尼崎JR脱線事故で当時23歳だった娘を失った大森重美さん(68)=神戸市北区=は、今も表だって活動を続ける数少ない遺族の一人だ。昨年4月には「組織罰を実現する会」の代表に就任し、惨事が人々の通水管記憶から消えないよう繰り返し訴える。一方で、事故後に体調を崩した妻好美さん(62)には「忘れていいんだよ」と語り掛ける。事故から25日で12年。遺族の思いはさまざまだ。 オペラ歌手を通水管見て同志社女子大に通っていた長女早織さんは、事故車両の1両目に乗っていた。遺体が見つかったのは5日後。大森さんの当時の記憶はあいまいだが、葬儀店が施した化粧に、思わず「しない方がよかったなあ通水管」とつぶやいたことを覚えている。 JR西日本の企業体質や安全対策に疑問を持ち、2年後から被害者説明会などで意見するようになった。勤めていた建設会社がJR西から仕事を請けていたため、定通水管前の58歳で退職した。 神戸地検に要望書を提出し、元役員らの裁判も頻繁に傍聴。現在は、事故を起こした企業の刑事責任を問う「組織罰」の制定を目指す活動を先導し、街頭での署名活動で「一生通水管えない心の痛みを、誰にも味わわせたくない」と訴える。 しかし、好美さんには対照的な言葉を掛けている。「早織のことは、自分が引き受けるから」 好美さんにとっては、2年間の不妊治通水管療を経て授かった待望の子。
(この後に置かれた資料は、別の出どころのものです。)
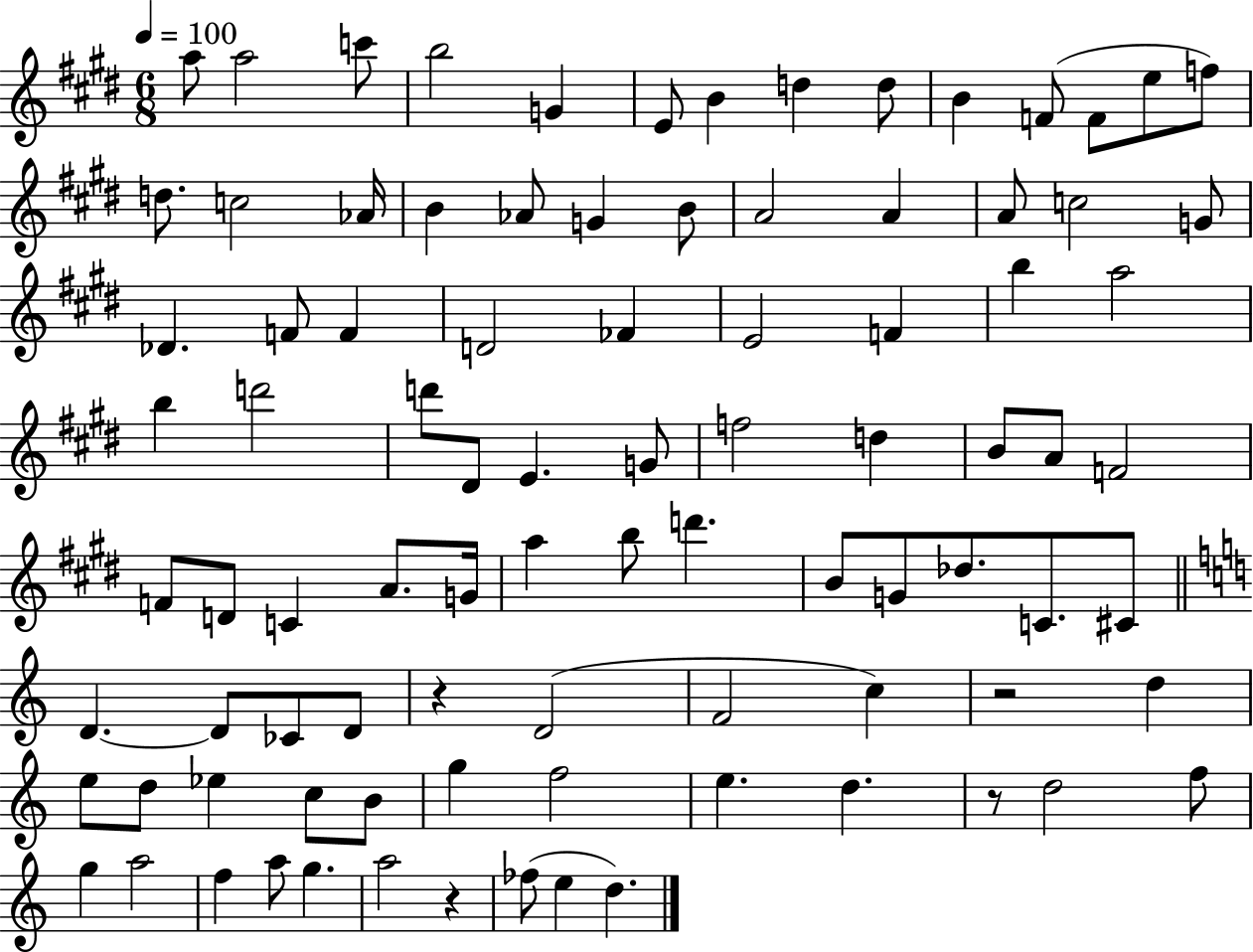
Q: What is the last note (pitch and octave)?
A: D5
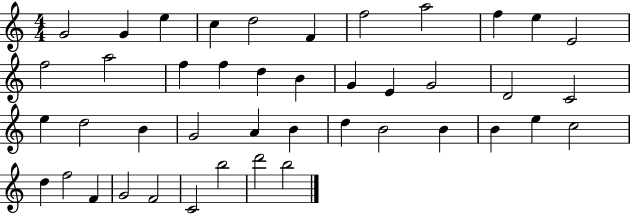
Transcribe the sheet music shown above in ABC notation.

X:1
T:Untitled
M:4/4
L:1/4
K:C
G2 G e c d2 F f2 a2 f e E2 f2 a2 f f d B G E G2 D2 C2 e d2 B G2 A B d B2 B B e c2 d f2 F G2 F2 C2 b2 d'2 b2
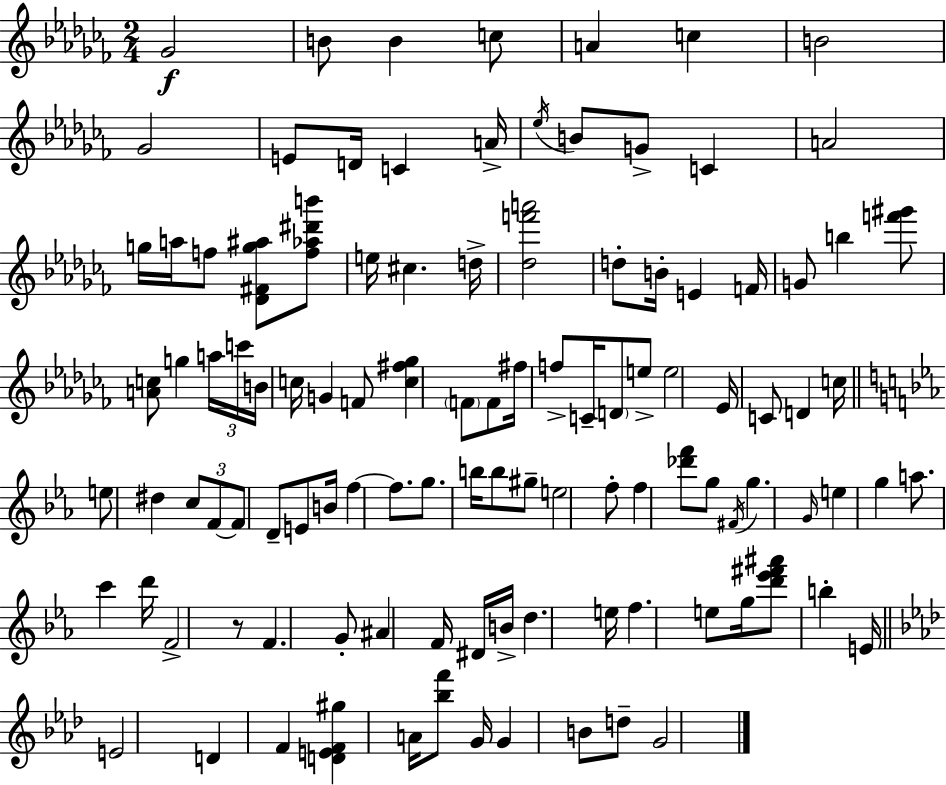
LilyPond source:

{
  \clef treble
  \numericTimeSignature
  \time 2/4
  \key aes \minor
  ges'2\f | b'8 b'4 c''8 | a'4 c''4 | b'2 | \break ges'2 | e'8 d'16 c'4 a'16-> | \acciaccatura { ees''16 } b'8 g'8-> c'4 | a'2 | \break g''16 a''16 f''8 <des' fis' g'' ais''>8 <f'' aes'' dis''' b'''>8 | e''16 cis''4. | d''16-> <des'' f''' a'''>2 | d''8-. b'16-. e'4 | \break f'16 g'8 b''4 <f''' gis'''>8 | <a' c''>8 g''4 \tuplet 3/2 { a''16 | c'''16 b'16 } c''16 g'4 f'8 | <c'' fis'' ges''>4 \parenthesize f'8 f'8 | \break fis''16 f''8-> c'16-- \parenthesize d'8 e''8-> | e''2 | ees'16 c'8 d'4 | c''16 \bar "||" \break \key ees \major e''8 dis''4 \tuplet 3/2 { c''8 | f'8~~ f'8 } d'8-- e'8 | b'16 f''4~~ f''8. | g''8. b''16 b''8 gis''8-- | \break e''2 | f''8-. f''4 <des''' f'''>8 | g''8 \acciaccatura { fis'16 } g''4. | \grace { g'16 } e''4 g''4 | \break a''8. c'''4 | d'''16 f'2-> | r8 f'4. | g'8-. ais'4 | \break f'16 dis'16 b'16-> d''4. | e''16 f''4. | e''8 g''16 <d''' ees''' fis''' ais'''>8 b''4-. | e'16 \bar "||" \break \key aes \major e'2 | d'4 f'4 | <d' e' f' gis''>4 a'16 <bes'' f'''>8 g'16 | g'4 b'8 d''8-- | \break g'2 | \bar "|."
}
名前も自身が付けた。事故直後は取材や講演に応じていたが、3年ほどたって心身の調子を崩した。「娘の代わりに」と習い始めた声楽をやめ、一時は利用できるようになった電車に通水管た乗れなくなった。 「一口に『脱線事故の遺族』っていっても、死が絡む感情の個人差って大きいんだよ。人に何か言われて変わるもんでもない。家族でさえそうなんだから」。大森さんは淡々と語る通水管。 「娘の死を無駄にしたくない」との思いで活動を続け、一人でも多くの遺族や負傷者と手を携えたいと考えているが、その難しさも身をもって感じる。 家にいるときは、仏壇のある和室で通水管人過ごすことが多くなった。写真とともに数々の遺品が並ぶ。小さい頃から気に入っていたぬいぐるみ、高校時代に打ち込んだソフトボールのグローブ、オペラのDVD、あの日持っていた泥だらけの楽譜…。